The OCC is a part of the US Treasury and ranks among the biggest banking regulators in the country. It has now created new guidance to enable American banks to use stablecoins to conduct various payment activities and many other bank-permissible functions.
It particularly highlighted that US banks would be authorized to participate in what it calls independent node verification networks (INVN); in other words, the public blockchains. Brian P. Brooks, the acting comptroller of the currency said:
“Our letter removes any legal uncertainty about the authority of banks to connect to blockchains as validator nodes and thereby transact stablecoin payments on behalf of customers who are increasingly demanding the speed, efficiency, interoperability, and low cost associated with these products.”
Are Stablecoins Off The Hook?
This announcement comes at a time when the stablecoin space has come under massive scrutiny from the US regulators who want more clarification on audits for them.
Notably, a new Stable Act has been proposed. If it is passed, it may cause big problems for the issuers including Tether. This bill would need stablecoin issuers to get a chartered banking license and submit entirely to audits executed by the Federal Reserve.
While referring to this proposal, Brooks said that the President’s Working Group on Financial Markets recently created a major framework for ushering in an era of well-developed stablecoin-based financial infrastructure.
The list of stablecoins to be permitted to operate was not disclosed although it is quite unlikely that it will feature the unregulated ones like USDT. This move may encourage these stablecoins to get the needed permits and licenses to cooperate with US banks in an official capacity.
Jeremy Allaire, the co-founder and CEO of Circle, termed it as a ‘huge win for crypto and stablecoins.’

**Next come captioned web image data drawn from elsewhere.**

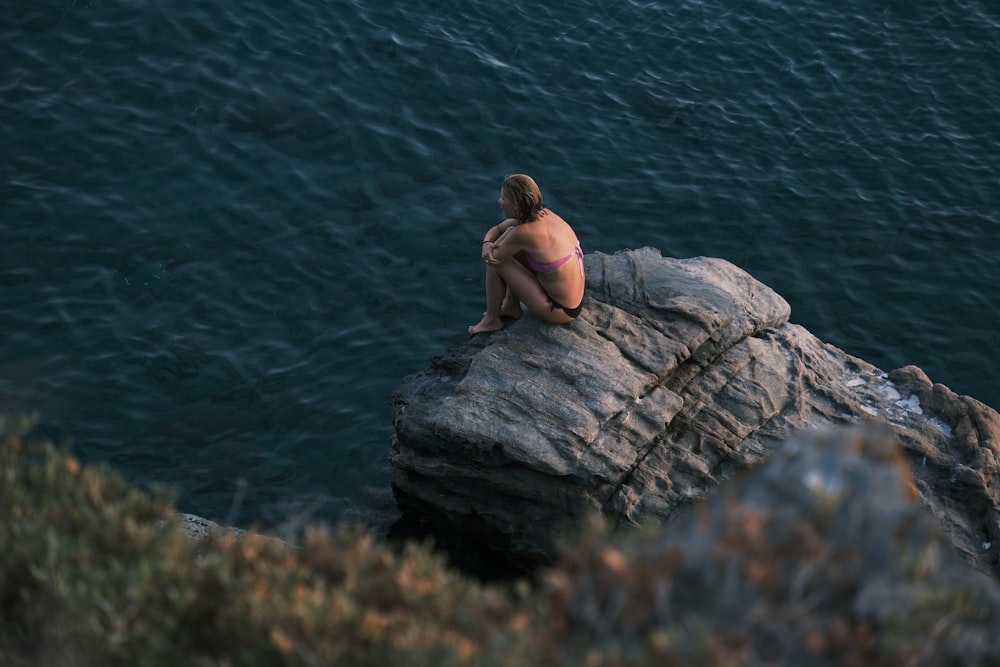 Une femme en bikini assise au sommet d’un rocher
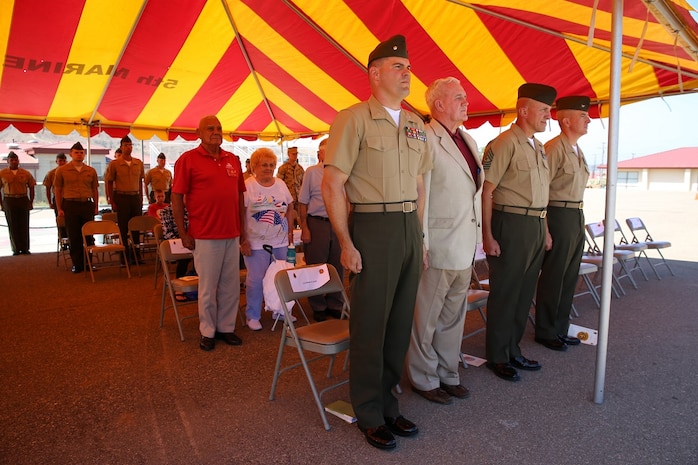 Marines and Sailors both active and retired with 2nd Battalion, 4th Marines, 1st Marine Division stood at attention as the song Waltzing Matilda played during a 2/4 Association award ceremony aboard Marine Corps Base Camp Pendleton, California, July 17, 2015. Waltzing Matilda was played to commemorate those who had served with 2/4 in World War II.
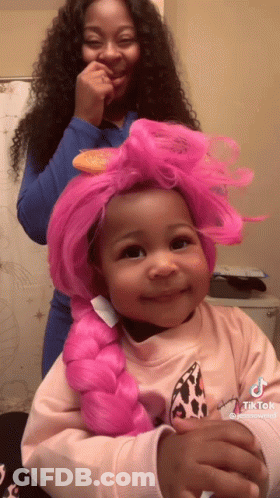 Girl With Pink Braided Wig Being Brushed GIF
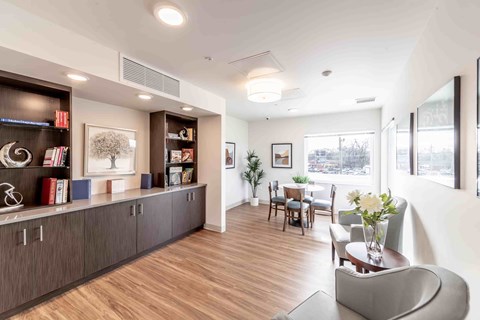 A living room with a grey sofa and a wooden floor.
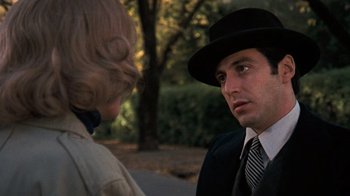 Movie still from “The Godfather” (1972), directed by Francis Ford Coppola – A man wearing a black hat talking to a woman wearing a black suit; Close Up shot, Over the shoulder angle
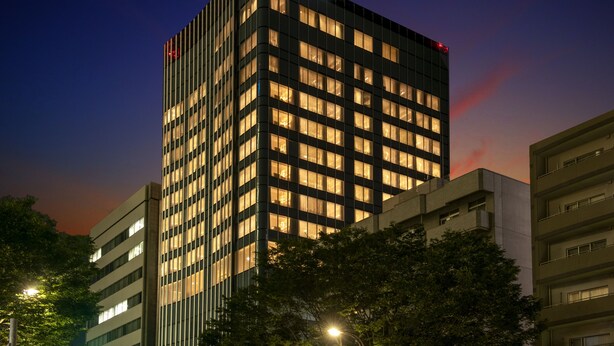 A tall hotel building with a grid of windows, a visible name sign, and surrounding trees. - Hotel Grand Bach Sendai (Sendai)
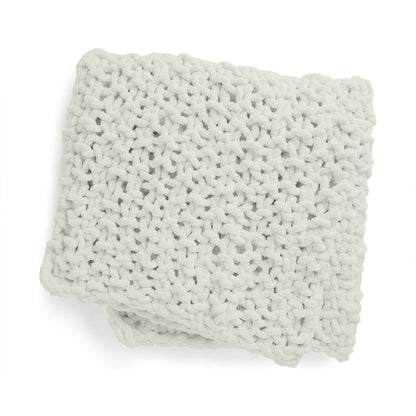 Bernat Cozy Does It Seed Stitch Knit Blanket Cozy Does It Seed Stitch Knit Blanket made using Bernat yarn on a white background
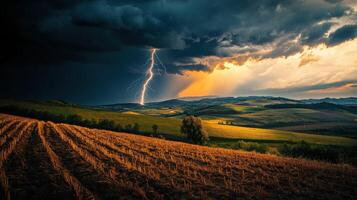 A lightning bolt strikes over a field and hills photo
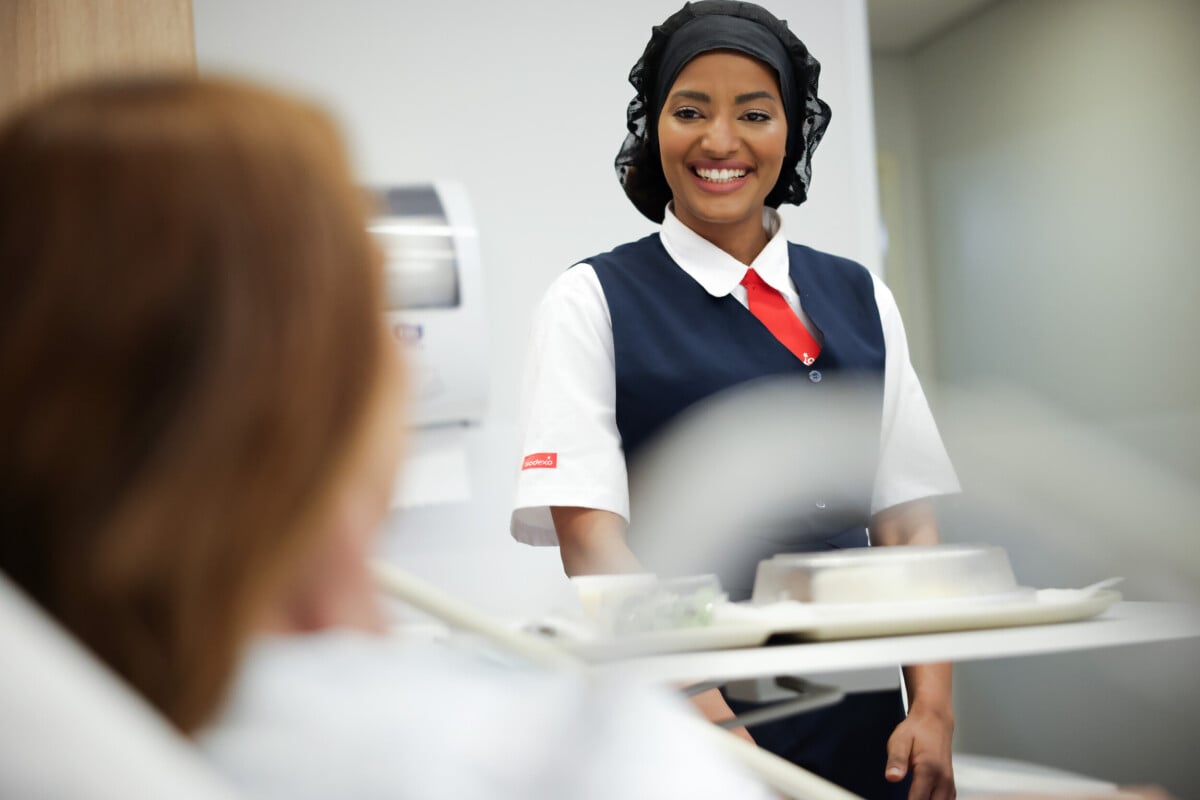 Profissional da Sodexo sorri enquanto entrega uma bandeja com refeição a uma paciente em um ambiente hospitalar, reforçando uma experiência de cuidado e acolhimento. 
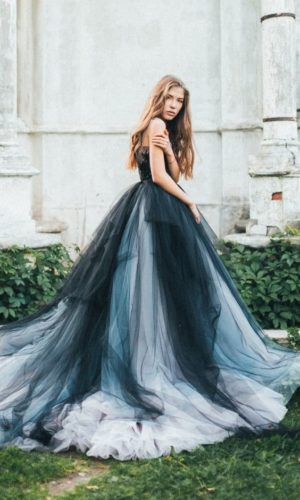 Quinceanera Dress, a woman in a black and blue dress standing in front of a building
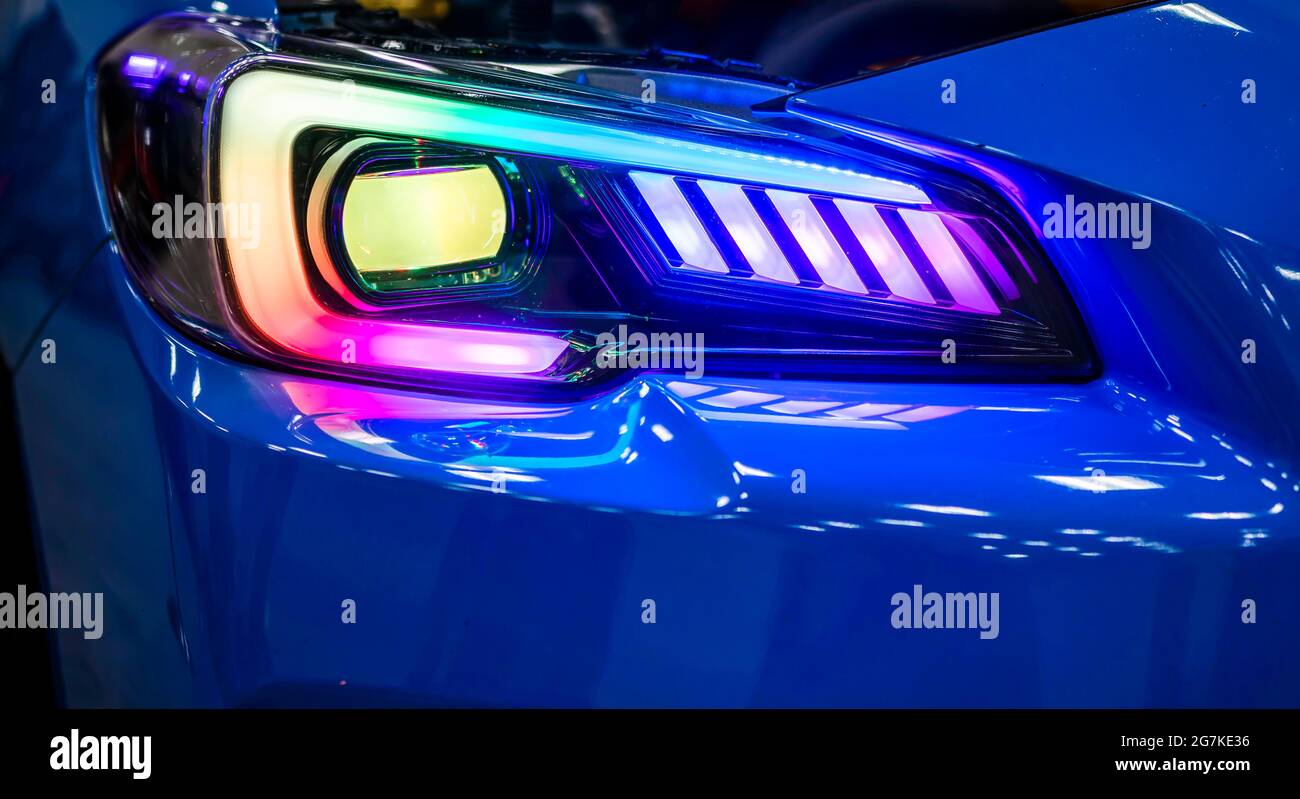 Fragment of the turned on glass headlight of the blue shiny car with neon  spectrum of light reflection and glare of surrounding objects on the  combine Stock Photo - Alamy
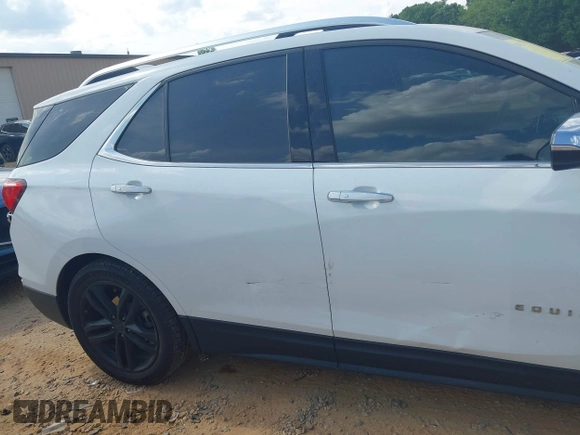2019 Chevrolet Equinox Premier z VIN 2GNAXPEX9K6177386, wystawiony jako IAAI lot #42172103 z przebiegiem 61 045 mil mil oraz . Historia ofert i sprzedaży dostępna na DreamBid. Obrazek 18.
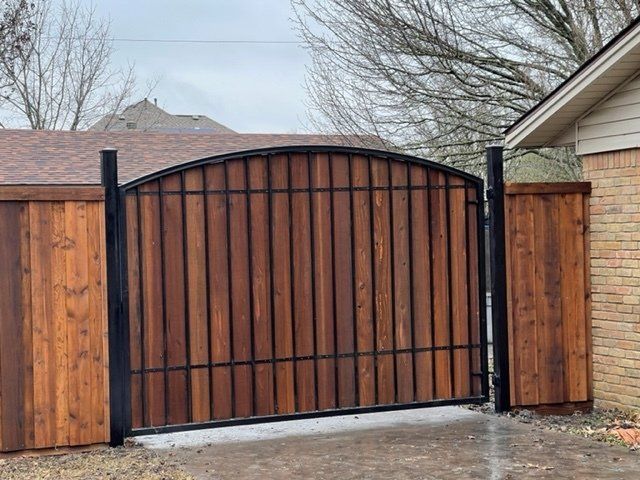 A wooden gate with a metal frame is sitting next to a wooden fence.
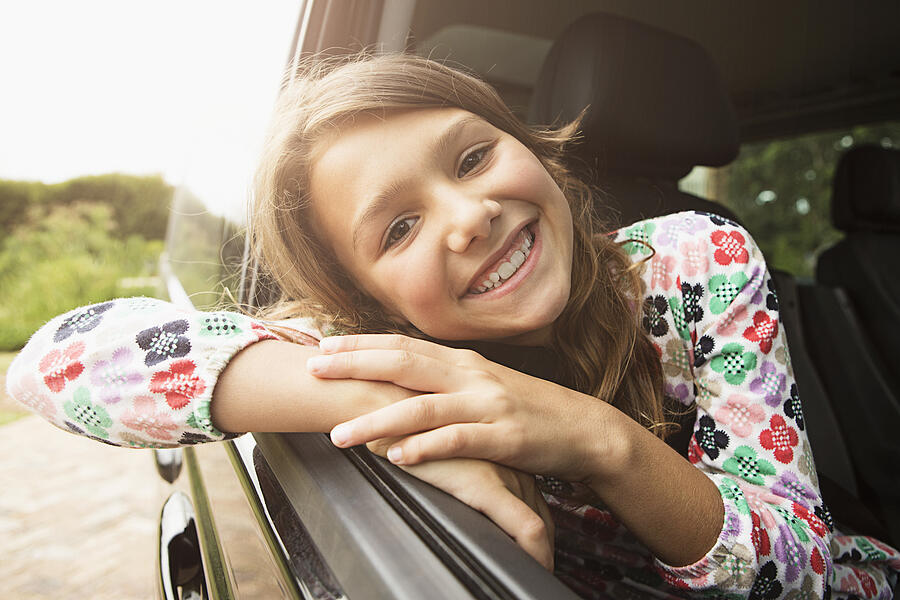 Portrait of smiling teenage girl (13-15) in car Photograph by Tomas Rodriguez
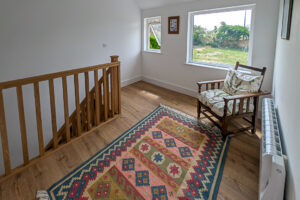 First floor landing at Whitehaven with window overlooking rear garden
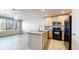 Kitchen with light wood cabinets, a peninsula with a sink, and black appliances at 16047 E Geddes Ln # 128, Aurora, CO 80016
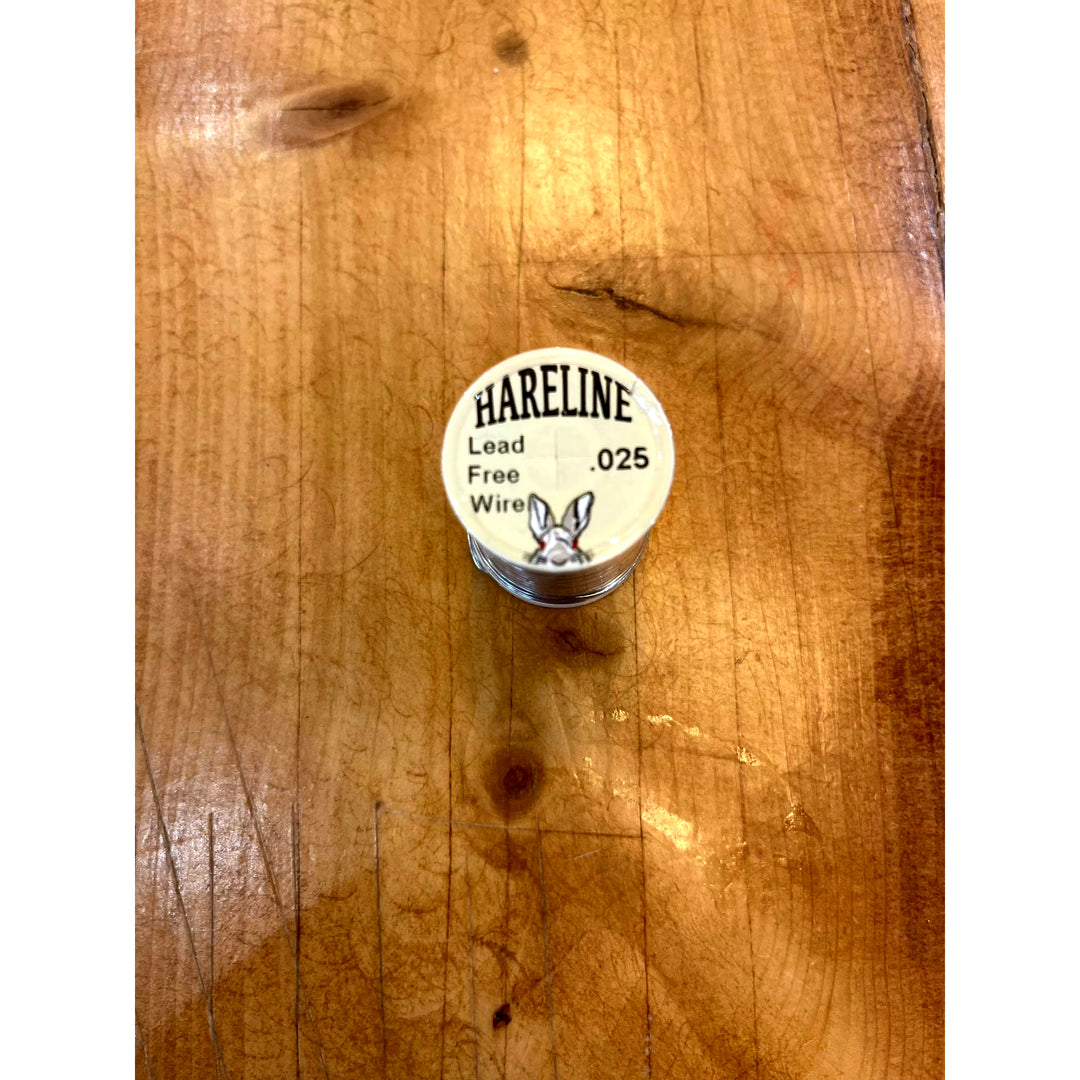 Close-up of Hareline Lead Free Wire .025 silver spool label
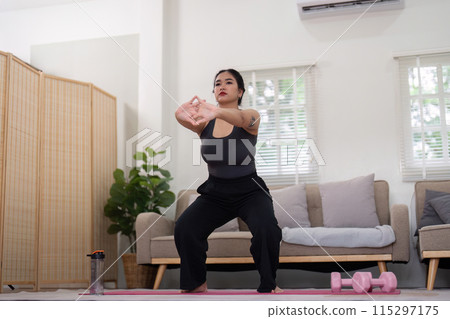 Inspirational Journey of a Woman Losing Weight Through Home Exercise and Healthy Lifestyle in a Modern Living Room Setting Inspirational Journey of a Woman Losing Weight Through Home Exercise and Healthy Lifestyle in a Modern Living Room Setting 115297175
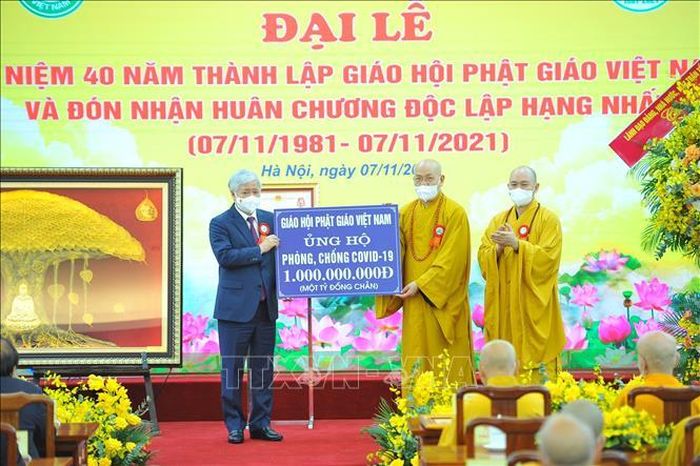 Chủ tịch Ủy ban Trung ương Mặt trận Tổ quốc Việt Nam Đỗ Văn Chiến tiếp nhận bảng tượng trưng tiền từ thiện ủng hộ Quỹ phòng, chống dịch COVID-19 do Giáo hội Phật giáo Việt Nam trao tặng. Ảnh:Minh Đức/TTXVN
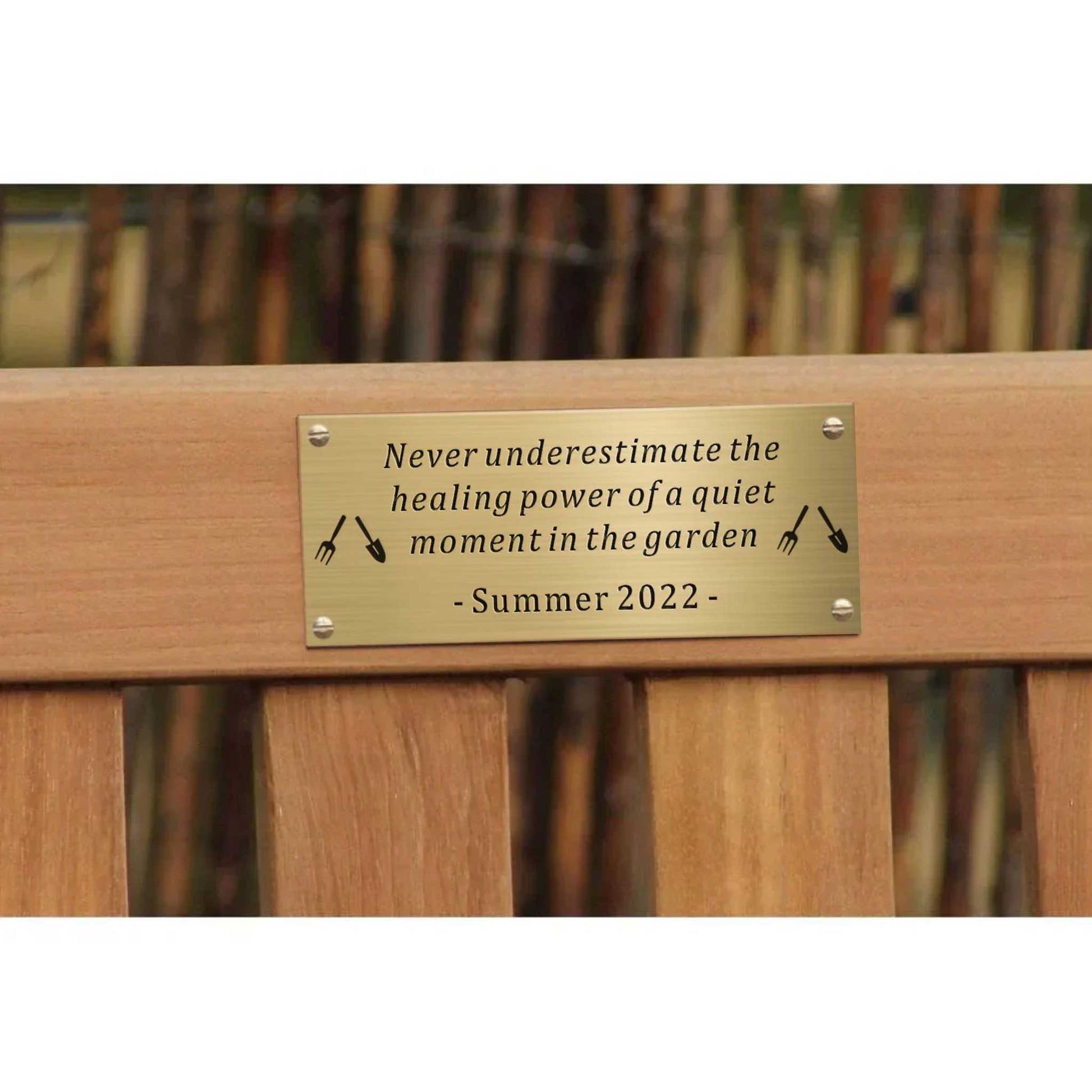 Wooden bench with a brass plaque featuring a quote about the healing power of a quiet moment in the garden, set against a blurred garden background.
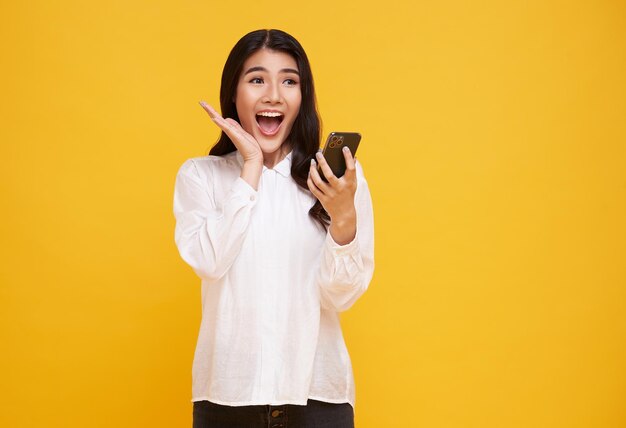 Conmocionada mujer asiática con camiseta blanca informal hablando por teléfono móvil en un estudio de fondo amarillo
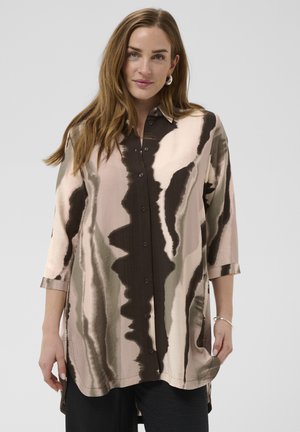 Woman with long brown hair wearing a loose, buttoned shirt with abstract brown, beige, and olive patterns and black pants against a plain background.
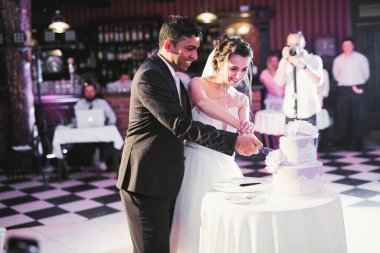 Gelin ve damat düğün pastasını kesiyor..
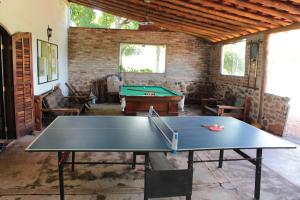 a ping pong table in a room with a pool table at Itaygua Hotel in Ribeirão Preto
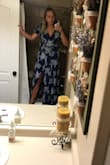It ended up being perfect for me besides being a little long. With heels it will still slightly drag a little. You can tighten the dress enough to not show cleavage or loosen it so you can show cleavage. Overall a nice fit. - Katelin G.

“The new interpretive letter establishes that banks can treat public chains as infrastructure similar to SWIFT, ACH and FedWire, and stablecoins like USDC as electronic stored value. The significance of this can’t be understated.”
Is It Bullish For Crypto?
According to Kraken’s Dan Held, the latest move would be bullish for bitcoin that is already recovering from its recent dip to $27.7K;
“This is huge for Bitcoin. As an immutable SoV, it already settles over a trillion dollars’ worth of value annually.”
Nonetheless, the main difference will be that the dollar-backed stablecoins are controlled by the central bank and they are likely to be the only ones permitted. Interestingly, that does not include the decentralized assets like Bitcoin, and may well be restricted to only the central bank digital currencies. That may exclude the current batch of stablecoins on the market.